Die CEOs von Schweizer Finanzfirmen zählen zu den bestbezahlten in Europa. Ihre Macht ruht auf steilen Hierarchien. Doch der Wandel greift rasant um sich, wie Recherchen von finews.ch zeigen: Künftig sollen Chefs befähigen – nicht mehr befehlen.
«Bank sucht Mutter für Managementposten, Teilzeit ein Muss»: Bei den meisten Schweizer Geldhäusern bekäme ein Peronalchef von seinen Vorgesetzten gehörig den Kopf gewaschen, würde er ein solches Stelleninserat schalten.

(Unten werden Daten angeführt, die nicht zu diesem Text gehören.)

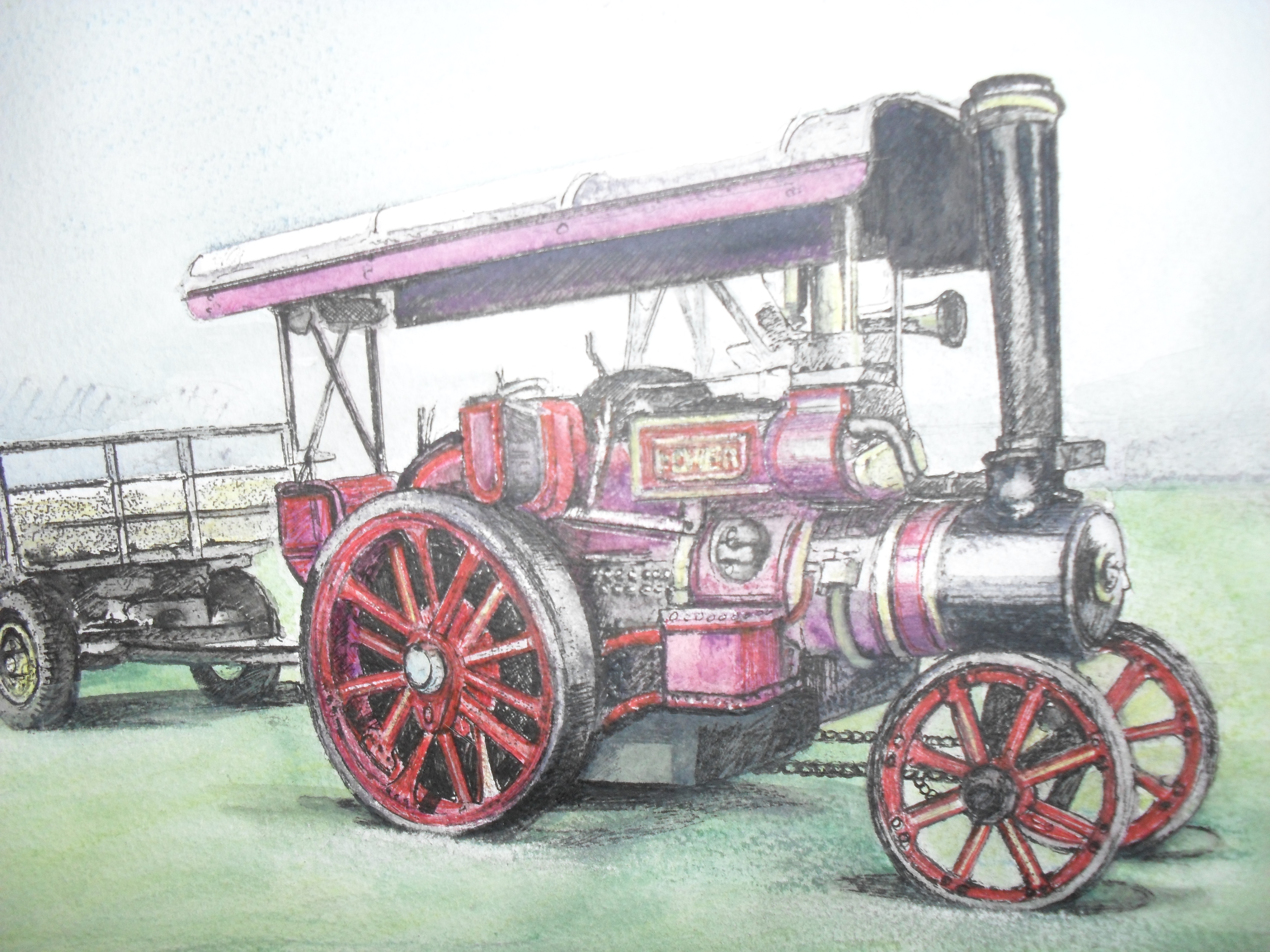 Fowler Steam Traction Engine, Art, Paintings, Modern Painters, Nottingham:, HQ Photo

Doch in Olten, am Hauptsitz der Alternativen Bank Schweiz (ABS), ist exakt dieses Profil seit vergangenem Sommer Realität. Zwei Frauen mit Kleinkindern teilen sich dort zu je 70 Prozent einen Geschäftsleitungs-Posten – und führen das Kerngeschäft mit den Krediten.
Gunst der Stunde genutzt
Mehr noch: Wie die ABS im vergangenen September mitteilte, verzichtete das Institut darauf, den im vergangenen Juni ausgeschiedenen CEO Martin Rohner zu ersetzen. Seither führen fünf Spartenchefs die Bank, gleichberechtigt und mit dem Auftrag, den Blick aufs Ganze zu behalten.
Anita Wymann (links) mit ABS-Geschäftsleitung (Bild: Ruben Hollinger/ABS)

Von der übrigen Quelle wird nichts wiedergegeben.